Savez-vous qu’à Ciney, 29 noms de rues portent le patronyme d’hommes, et aucune plaque de rues ne porte le nom d’une femme ? Cette constatation faite à Ciney n’a rien d’extraordinaire. Les rues nommées en l’honneur d’une femme sont minoritaires quel que soit le pays. Et le constat est encore plus flagrant au niveau rural. Les noms de rues sont avant tout le reflet du passé mais surtout du pouvoir et du courant politique dominant à un moment donné : les noms de bourgmestres ou hommes politiques, des industriels, professeurs universitaires émérites, de personnes victorieuses ou militantes, ou encore de personnes célèbres de l’époque, comme en témoignent à Ciney, la rue Nicolas Ansiaux ou la rue Nicolas Hauzeur, la rue Léon Simon, la rue Edouard Dinot, le square Kennedy, l’avenue du Roi Albert et la Place Léopold II et tout dernièrement le pont Martin Gray. Les noms de rues permettent ainsi de lire l’histoire d’une ville. Le manque de parité hommes/femmes dans les noms de rues est symbolique de l’effacement de la mémoire collective. Or, des femmes ont marqué l’histoire de Ciney, du namurois ou de la Belgique.
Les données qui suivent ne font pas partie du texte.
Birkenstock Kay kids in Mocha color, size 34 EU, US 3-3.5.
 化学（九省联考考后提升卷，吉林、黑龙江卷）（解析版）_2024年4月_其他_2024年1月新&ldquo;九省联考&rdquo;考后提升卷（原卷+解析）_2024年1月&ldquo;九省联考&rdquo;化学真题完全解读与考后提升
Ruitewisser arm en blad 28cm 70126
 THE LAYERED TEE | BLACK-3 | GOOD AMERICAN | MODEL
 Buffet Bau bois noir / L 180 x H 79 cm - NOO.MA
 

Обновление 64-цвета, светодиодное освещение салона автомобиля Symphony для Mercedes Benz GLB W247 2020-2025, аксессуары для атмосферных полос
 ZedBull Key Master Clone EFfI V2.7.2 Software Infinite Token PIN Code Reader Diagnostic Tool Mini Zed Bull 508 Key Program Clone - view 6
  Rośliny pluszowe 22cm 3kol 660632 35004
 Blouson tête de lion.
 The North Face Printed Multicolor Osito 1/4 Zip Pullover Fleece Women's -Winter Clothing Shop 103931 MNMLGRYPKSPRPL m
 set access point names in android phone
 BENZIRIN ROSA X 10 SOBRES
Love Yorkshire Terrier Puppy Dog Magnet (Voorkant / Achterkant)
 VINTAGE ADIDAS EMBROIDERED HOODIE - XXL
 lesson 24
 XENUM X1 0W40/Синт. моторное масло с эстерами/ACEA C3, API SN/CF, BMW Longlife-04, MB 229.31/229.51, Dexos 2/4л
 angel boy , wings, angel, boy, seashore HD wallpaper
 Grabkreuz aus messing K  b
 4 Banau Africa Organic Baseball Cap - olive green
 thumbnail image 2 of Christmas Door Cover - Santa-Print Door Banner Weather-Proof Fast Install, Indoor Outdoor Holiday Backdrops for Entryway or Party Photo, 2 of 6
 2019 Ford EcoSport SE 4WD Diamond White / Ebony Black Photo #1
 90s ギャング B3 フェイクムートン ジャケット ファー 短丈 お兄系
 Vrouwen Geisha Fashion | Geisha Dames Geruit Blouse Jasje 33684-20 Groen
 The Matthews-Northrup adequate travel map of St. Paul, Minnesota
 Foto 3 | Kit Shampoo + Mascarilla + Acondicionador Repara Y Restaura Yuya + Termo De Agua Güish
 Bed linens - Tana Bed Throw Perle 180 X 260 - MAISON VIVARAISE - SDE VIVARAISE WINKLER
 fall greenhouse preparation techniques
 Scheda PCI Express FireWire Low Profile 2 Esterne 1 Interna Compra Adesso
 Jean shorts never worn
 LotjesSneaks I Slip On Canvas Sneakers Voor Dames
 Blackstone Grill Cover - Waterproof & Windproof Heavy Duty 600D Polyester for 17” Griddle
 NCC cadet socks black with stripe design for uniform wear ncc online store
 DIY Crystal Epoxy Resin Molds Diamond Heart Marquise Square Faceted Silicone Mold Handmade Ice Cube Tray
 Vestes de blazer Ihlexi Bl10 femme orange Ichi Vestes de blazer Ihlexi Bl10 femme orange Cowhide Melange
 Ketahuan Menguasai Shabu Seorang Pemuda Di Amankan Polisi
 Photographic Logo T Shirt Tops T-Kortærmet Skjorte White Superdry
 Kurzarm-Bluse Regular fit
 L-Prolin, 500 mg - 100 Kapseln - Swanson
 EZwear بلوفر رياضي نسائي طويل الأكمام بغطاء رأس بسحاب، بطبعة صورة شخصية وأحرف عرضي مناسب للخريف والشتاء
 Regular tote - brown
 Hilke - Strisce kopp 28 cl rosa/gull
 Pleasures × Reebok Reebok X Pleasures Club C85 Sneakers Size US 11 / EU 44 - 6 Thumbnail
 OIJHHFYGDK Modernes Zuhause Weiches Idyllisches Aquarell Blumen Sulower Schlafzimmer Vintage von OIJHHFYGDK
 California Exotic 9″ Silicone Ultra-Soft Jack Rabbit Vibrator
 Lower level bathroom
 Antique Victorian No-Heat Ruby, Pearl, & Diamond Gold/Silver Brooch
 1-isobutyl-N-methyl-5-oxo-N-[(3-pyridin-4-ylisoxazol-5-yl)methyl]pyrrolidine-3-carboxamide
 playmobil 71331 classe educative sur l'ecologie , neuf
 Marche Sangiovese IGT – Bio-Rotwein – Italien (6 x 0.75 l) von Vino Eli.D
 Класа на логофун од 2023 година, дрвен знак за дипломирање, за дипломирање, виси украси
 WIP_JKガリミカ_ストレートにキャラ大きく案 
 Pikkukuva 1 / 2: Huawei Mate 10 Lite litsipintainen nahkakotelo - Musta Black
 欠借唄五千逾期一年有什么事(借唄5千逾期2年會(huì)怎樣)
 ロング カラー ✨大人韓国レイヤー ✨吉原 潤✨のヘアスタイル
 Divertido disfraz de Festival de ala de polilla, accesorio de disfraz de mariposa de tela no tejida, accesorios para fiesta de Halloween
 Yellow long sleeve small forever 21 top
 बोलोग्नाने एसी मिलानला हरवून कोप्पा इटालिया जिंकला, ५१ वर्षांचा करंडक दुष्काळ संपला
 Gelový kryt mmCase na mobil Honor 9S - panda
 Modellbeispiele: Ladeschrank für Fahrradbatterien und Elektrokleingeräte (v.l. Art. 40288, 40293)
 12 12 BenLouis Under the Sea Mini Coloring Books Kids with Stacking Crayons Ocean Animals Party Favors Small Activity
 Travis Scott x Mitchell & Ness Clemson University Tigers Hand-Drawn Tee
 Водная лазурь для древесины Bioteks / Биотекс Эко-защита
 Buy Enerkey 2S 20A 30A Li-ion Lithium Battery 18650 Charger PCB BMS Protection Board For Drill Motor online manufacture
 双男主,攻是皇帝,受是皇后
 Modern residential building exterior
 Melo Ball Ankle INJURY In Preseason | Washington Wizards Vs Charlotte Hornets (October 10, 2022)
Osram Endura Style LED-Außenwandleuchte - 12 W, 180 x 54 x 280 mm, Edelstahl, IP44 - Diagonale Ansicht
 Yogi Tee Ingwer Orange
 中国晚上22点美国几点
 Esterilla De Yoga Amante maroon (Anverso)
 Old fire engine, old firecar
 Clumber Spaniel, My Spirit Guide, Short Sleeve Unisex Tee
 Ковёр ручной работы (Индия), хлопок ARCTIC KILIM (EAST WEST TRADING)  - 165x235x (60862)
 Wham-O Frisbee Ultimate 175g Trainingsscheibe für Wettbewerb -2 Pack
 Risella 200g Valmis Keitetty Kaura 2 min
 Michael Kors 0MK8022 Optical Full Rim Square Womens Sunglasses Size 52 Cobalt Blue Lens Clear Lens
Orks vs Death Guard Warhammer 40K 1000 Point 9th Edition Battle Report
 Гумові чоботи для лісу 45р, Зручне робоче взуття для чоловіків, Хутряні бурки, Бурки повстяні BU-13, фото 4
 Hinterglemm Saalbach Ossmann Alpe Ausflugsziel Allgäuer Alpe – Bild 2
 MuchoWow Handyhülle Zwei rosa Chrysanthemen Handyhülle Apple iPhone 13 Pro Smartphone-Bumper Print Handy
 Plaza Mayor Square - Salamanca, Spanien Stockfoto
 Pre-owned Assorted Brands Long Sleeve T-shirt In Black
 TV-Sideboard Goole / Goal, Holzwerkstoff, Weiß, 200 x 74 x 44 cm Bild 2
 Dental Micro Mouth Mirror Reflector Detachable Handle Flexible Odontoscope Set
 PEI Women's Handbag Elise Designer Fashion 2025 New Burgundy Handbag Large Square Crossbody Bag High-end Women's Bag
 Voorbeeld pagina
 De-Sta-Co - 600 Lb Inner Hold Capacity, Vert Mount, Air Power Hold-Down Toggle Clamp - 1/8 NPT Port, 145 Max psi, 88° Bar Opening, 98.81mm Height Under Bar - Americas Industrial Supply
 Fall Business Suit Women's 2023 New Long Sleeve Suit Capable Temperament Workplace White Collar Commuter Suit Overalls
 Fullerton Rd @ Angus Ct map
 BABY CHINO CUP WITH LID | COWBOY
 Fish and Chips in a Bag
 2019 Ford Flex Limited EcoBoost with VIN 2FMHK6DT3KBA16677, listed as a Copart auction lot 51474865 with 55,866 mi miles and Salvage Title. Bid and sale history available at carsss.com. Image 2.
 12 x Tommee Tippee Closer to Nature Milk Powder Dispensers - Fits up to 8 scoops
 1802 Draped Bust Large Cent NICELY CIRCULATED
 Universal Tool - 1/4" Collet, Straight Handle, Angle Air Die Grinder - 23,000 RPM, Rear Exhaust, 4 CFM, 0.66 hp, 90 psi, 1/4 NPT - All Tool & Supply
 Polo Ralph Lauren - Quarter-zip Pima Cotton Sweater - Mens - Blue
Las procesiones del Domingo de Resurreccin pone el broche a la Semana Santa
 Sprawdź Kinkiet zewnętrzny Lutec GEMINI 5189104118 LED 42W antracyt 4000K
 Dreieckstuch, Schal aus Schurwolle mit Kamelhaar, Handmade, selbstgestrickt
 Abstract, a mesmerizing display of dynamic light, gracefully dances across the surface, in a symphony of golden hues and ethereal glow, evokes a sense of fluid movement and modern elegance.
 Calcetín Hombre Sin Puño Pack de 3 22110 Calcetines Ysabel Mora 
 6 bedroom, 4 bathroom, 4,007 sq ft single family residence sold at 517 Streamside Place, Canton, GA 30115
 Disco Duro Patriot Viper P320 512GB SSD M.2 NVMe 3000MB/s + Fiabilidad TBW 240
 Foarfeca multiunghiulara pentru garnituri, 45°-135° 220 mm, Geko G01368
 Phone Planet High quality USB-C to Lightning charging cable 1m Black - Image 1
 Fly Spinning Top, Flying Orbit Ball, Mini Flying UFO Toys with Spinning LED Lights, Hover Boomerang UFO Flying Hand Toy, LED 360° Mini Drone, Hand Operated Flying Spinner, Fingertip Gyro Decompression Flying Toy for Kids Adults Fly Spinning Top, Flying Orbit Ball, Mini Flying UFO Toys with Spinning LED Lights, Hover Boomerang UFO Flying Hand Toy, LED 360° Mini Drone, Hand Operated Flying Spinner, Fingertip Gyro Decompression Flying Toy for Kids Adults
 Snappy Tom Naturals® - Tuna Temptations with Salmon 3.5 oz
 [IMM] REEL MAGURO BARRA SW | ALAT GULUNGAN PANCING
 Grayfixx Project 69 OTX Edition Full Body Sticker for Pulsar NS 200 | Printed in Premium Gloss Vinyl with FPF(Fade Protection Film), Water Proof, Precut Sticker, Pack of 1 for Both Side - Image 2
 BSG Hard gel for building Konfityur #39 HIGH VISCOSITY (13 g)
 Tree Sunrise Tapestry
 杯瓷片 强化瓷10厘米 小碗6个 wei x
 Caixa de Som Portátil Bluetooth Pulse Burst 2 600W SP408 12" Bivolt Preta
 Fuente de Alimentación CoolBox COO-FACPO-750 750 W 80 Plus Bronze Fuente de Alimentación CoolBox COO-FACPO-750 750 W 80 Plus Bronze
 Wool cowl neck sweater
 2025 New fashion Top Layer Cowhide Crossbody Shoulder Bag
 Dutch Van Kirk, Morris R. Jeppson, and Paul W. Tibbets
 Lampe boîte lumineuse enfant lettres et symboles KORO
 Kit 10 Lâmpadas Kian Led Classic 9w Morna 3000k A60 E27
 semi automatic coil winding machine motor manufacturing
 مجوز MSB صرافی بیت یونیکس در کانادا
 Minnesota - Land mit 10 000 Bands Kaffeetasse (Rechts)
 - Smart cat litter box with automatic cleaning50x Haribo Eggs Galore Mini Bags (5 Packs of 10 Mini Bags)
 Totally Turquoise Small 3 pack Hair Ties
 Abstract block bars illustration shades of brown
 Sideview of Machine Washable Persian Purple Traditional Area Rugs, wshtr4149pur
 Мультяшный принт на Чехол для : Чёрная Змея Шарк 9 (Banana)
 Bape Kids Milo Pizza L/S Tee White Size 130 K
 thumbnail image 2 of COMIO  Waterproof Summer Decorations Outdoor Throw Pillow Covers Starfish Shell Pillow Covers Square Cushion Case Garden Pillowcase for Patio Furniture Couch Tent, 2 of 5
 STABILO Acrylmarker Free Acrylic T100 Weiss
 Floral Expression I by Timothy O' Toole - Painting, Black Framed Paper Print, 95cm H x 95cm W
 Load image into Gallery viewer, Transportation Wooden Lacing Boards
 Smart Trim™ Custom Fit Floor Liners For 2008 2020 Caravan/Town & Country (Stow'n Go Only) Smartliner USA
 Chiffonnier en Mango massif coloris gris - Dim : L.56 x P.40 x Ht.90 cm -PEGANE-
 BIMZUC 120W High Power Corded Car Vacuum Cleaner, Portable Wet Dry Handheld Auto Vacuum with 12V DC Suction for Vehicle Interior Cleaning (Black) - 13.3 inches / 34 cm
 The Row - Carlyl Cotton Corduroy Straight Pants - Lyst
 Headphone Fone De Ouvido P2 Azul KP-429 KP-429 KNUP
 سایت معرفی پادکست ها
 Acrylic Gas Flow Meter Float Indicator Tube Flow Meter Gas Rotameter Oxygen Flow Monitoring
Rien qu’en cherchant un peu sur le net ou au cercle historique de Ciney, on trouve au moins, pour la période des deux guerres mondiales, trois femmes qui ont activement participé à la résistance et cinq femmes Justes parmi les Nations qui ont sauvé des juifs pendant la guerre . Vouloir rétablir la parité des noms de rues est certes une prise de conscience féministe. L’idée n’est pas de gommer la réalité du passé qui a effectivement mis les héros du passé à l’honneur mais de mettre symboliquement à l’honneur les femmes qui ont œuvré pour un monde meilleur, de faire apparaître que l’émancipation des femmes dans la littérature ou les arts, dans le domaine des sciences, dans le domaine politique ou militant existe, même si elle est récente à l’échelle de l’histoire. Si l’on vous pose la question ou si on la pose à nos citoyens et citoyennes sur les femmes qui ont marqué notre histoire, peu de noms de femmes leur viennent à l’esprit. Et c’est normal car « Pour être reconnues, il faut être connues, et pour être connues, il faut être vues ». Nommer des noms de rues féminins, et féminiser l’espace public, c’est important  :

  • Car l’invisibilité des femmes dans l’espace public est une forme de violence symbolique. C’est un cercle vicieux dont on ne sort pas.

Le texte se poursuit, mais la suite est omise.